** Task item **
Repeat only the lines from the one containing "كيفية صنع لوح" to the final line below, exactly as they read, and leave every picture out.

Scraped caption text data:
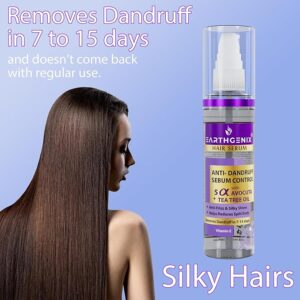EARTHGENIX Hair Serum,(Anti-Dandruff Sebum Control),100ml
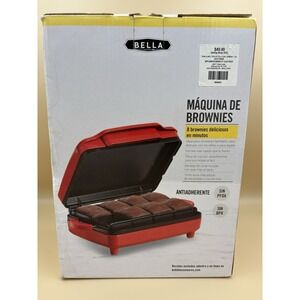 Bella Red Electric Brownie Maker Non Stick, BPA/PFOA Free New In Box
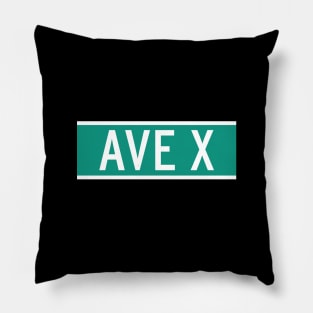 Ave X Pillow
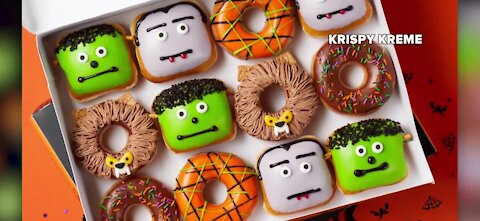Halloween Krispy Kreme donuts available today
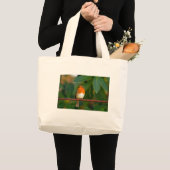 クリスマスのルビン ラージトートバッグ (正面(商品))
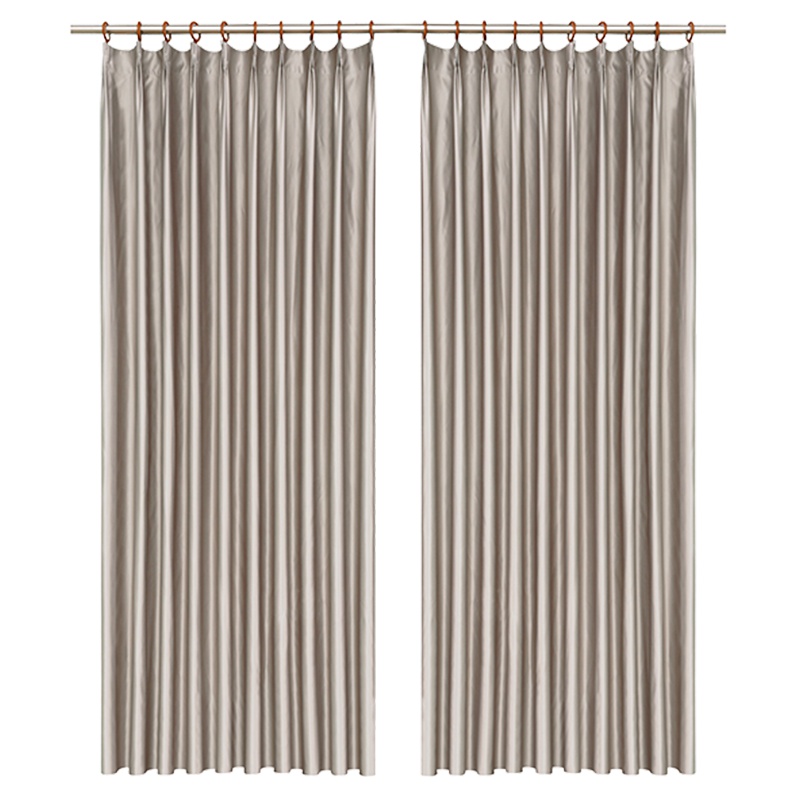 苏宁极物 仿丝质感柔滑基础素色平面窗窗帘 装饰+半遮光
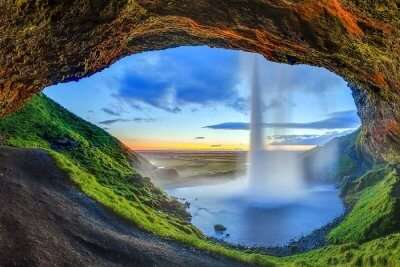 Beautiful waterfall of Iceland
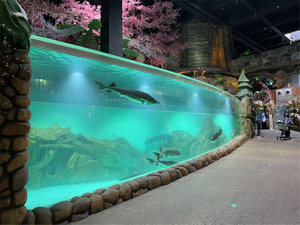 كيفية صنع لوح أكريليك لحوض السمك من مصنع Leyu Aquarium احترافي مخصص لوح أكريليك سميك للغاية لحوض السمك - Leyu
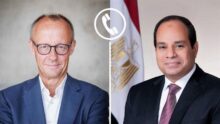 السيسي يدعو المستشار الألماني لحضور احتفالية اتفاق وقف الحرب في غزة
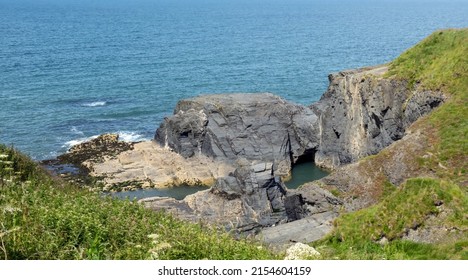 West Wales Coastal Path On Cardigan Bay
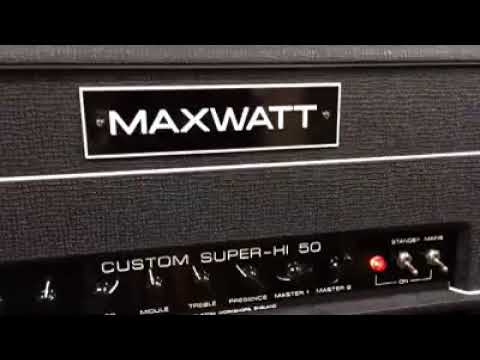 Killertone   Quick teaser of the new Maxwatt Custom Super
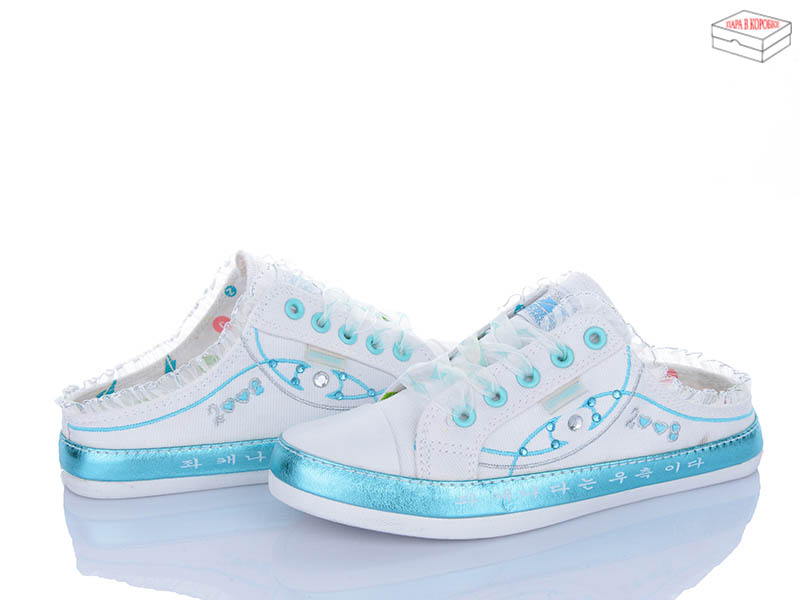 Кеды Lancast (35-40) 715 l.blue (лето)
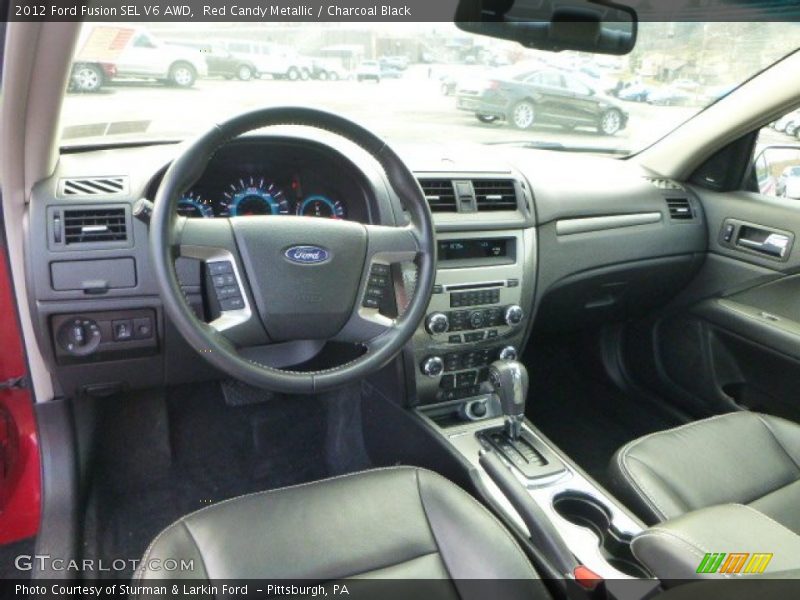 Red Candy Metallic / Charcoal Black 2012 Ford Fusion SEL V6 AWD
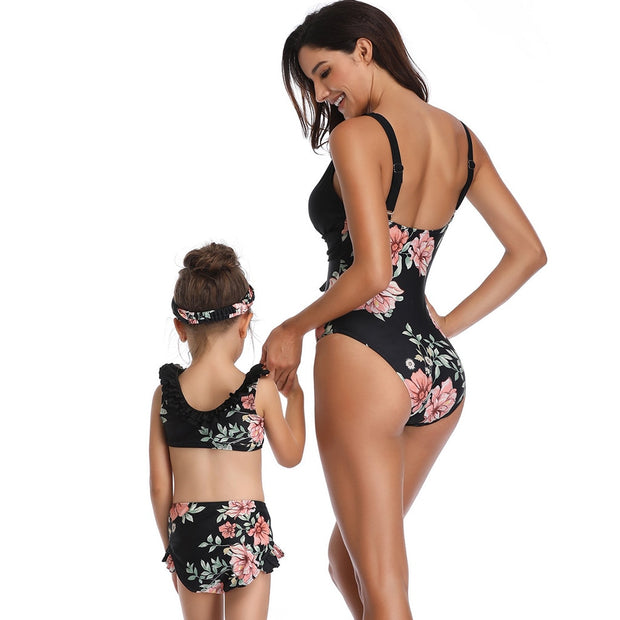 Mother And Daughter Swimsuit Bikini Swimwear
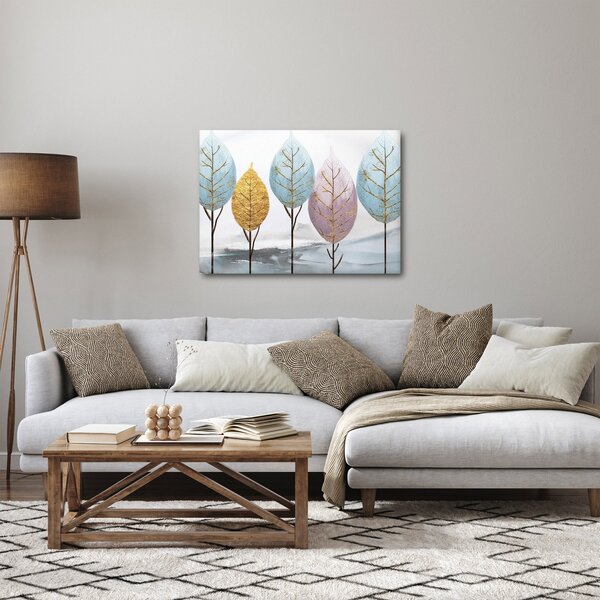 Obraz - Designowe drzewa (70x50 cm)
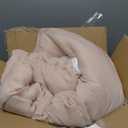 Comfort Spaces Blush King Size Comforter Set - 3 Piece Pintuck Pleated Bedding Set, All Season Lightweight, Extra Soft Pre-Washed Microfiber Bed Set, Shams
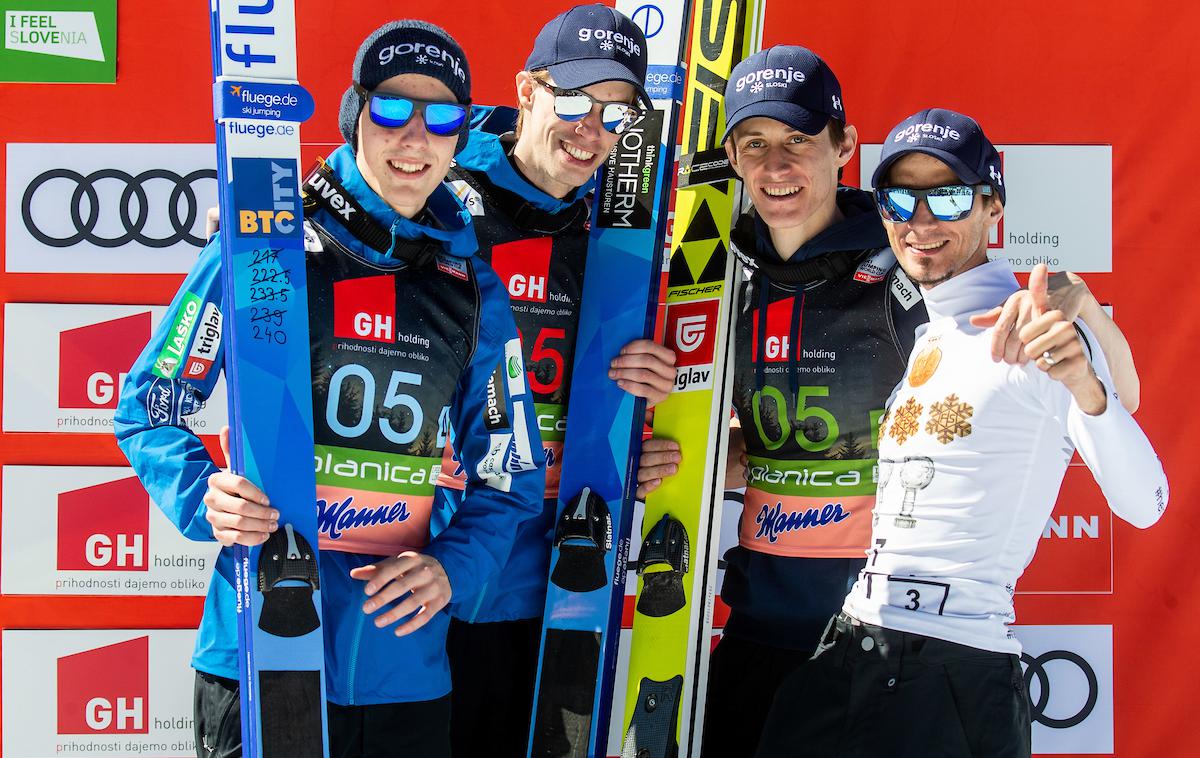 slovenski skakalci | Foto Vid Ponikvar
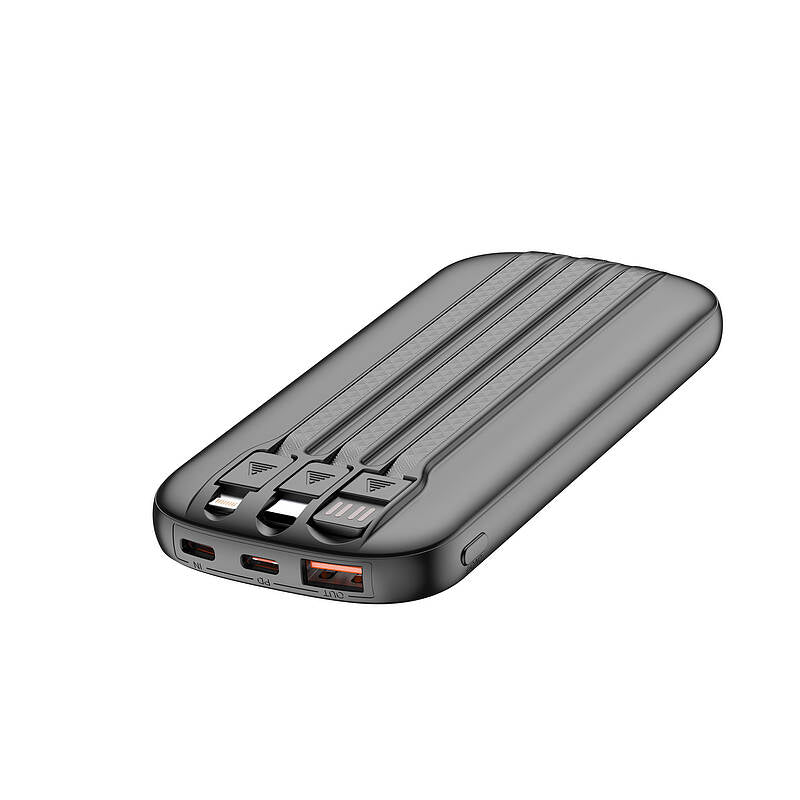 budi - 10,000mAh Powerbank with Built in Cables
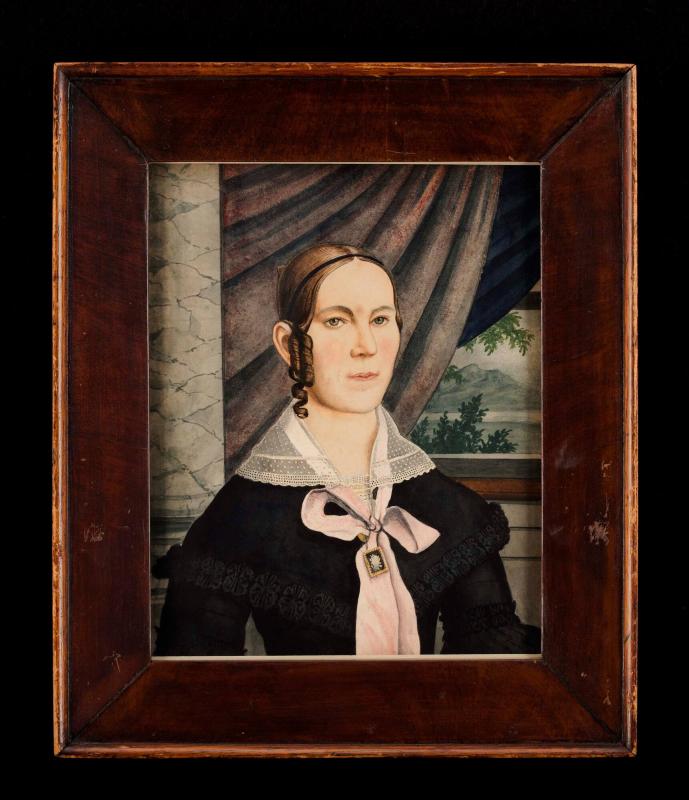 Portrait of Mrs. Briggs – Works – The Colonial Williamsburg Foundation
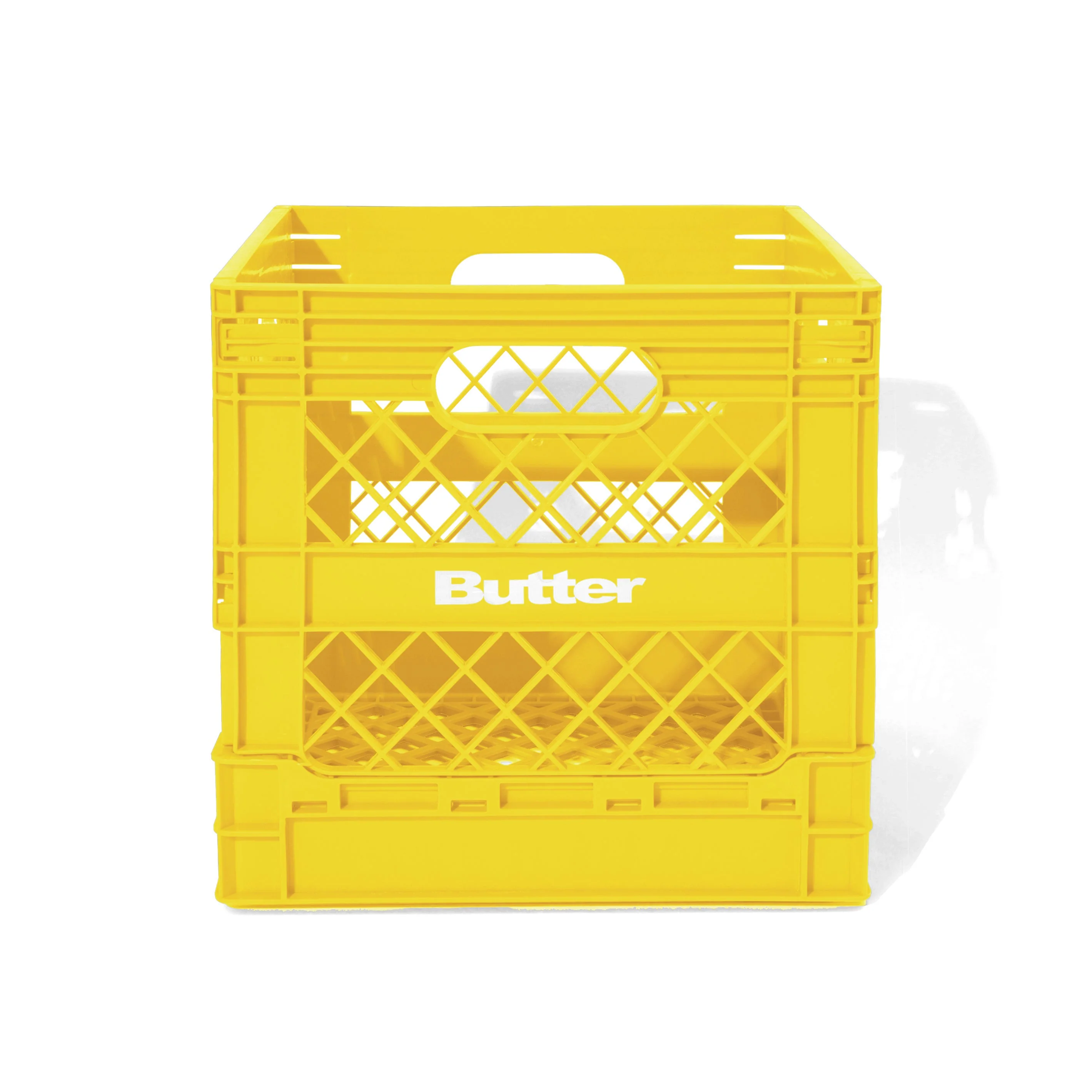Record Crate, Yellow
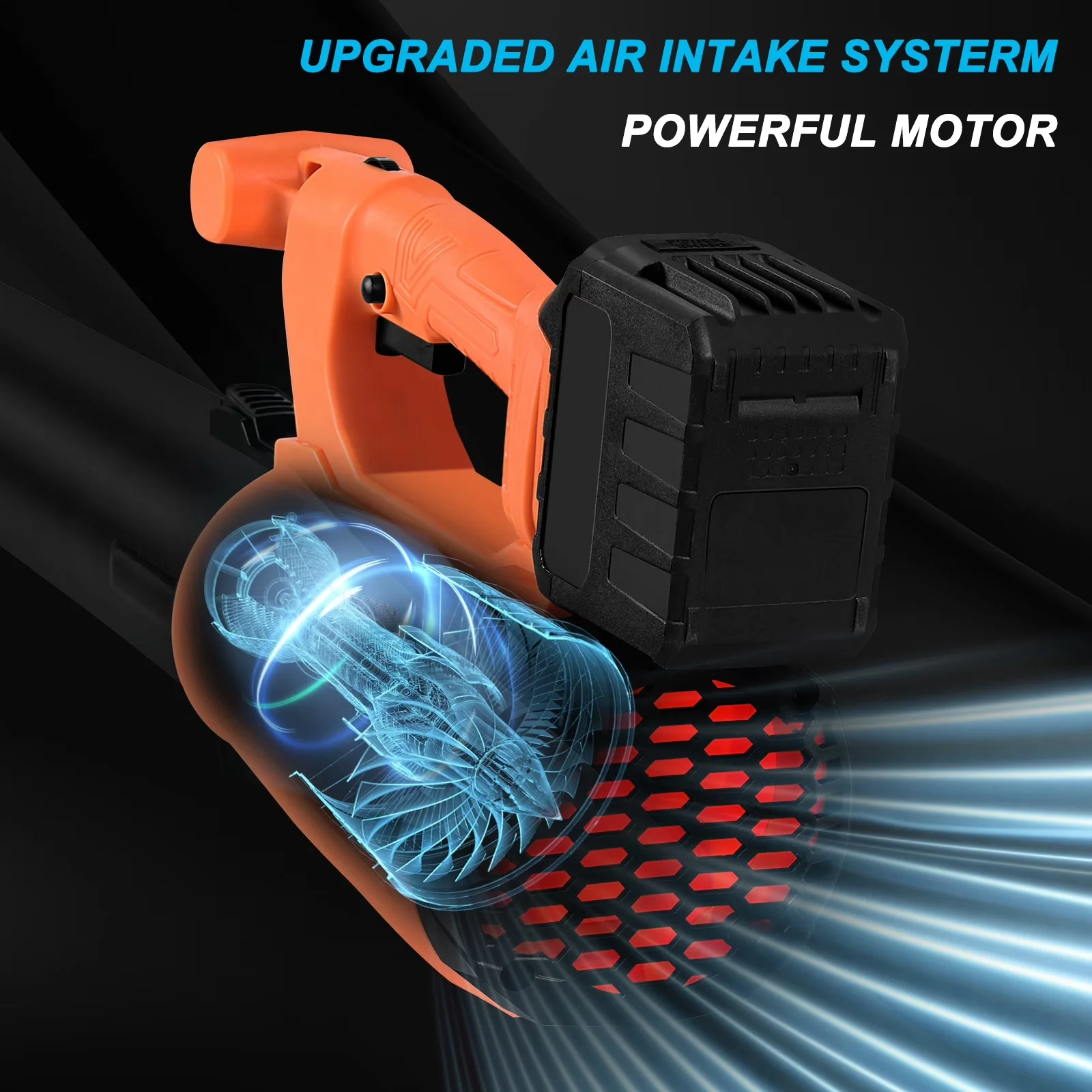 Leaf Blower Quality with Battery, 24V - Premium Collection Model 7DA7FC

** Written response **
 كيفية صنع لوح أكريليك لحوض السمك من مصنع Leyu Aquarium احترافي مخصص لوح أكريليك سميك للغاية لحوض السمك - Leyu
 السيسي يدعو المستشار الألماني لحضور احتفالية اتفاق وقف الحرب في غزة
 West Wales Coastal Path On Cardigan Bay
 Killertone   Quick teaser of the new Maxwatt Custom Super
 Кеды Lancast (35-40) 715 l.blue (лето)
 Red Candy Metallic / Charcoal Black 2012 Ford Fusion SEL V6 AWD
 Mother And Daughter Swimsuit Bikini Swimwear
 Obraz - Designowe drzewa (70x50 cm)
 Comfort Spaces Blush King Size Comforter Set - 3 Piece Pintuck Pleated Bedding Set, All Season Lightweight, Extra Soft Pre-Washed Microfiber Bed Set, Shams
 slovenski skakalci | Foto Vid Ponikvar
 budi - 10,000mAh Powerbank with Built in Cables
 Portrait of Mrs. Briggs – Works – The Colonial Williamsburg Foundation
Record Crate, Yellow
 Leaf Blower Quality with Battery, 24V - Premium Collection Model 7DA7FC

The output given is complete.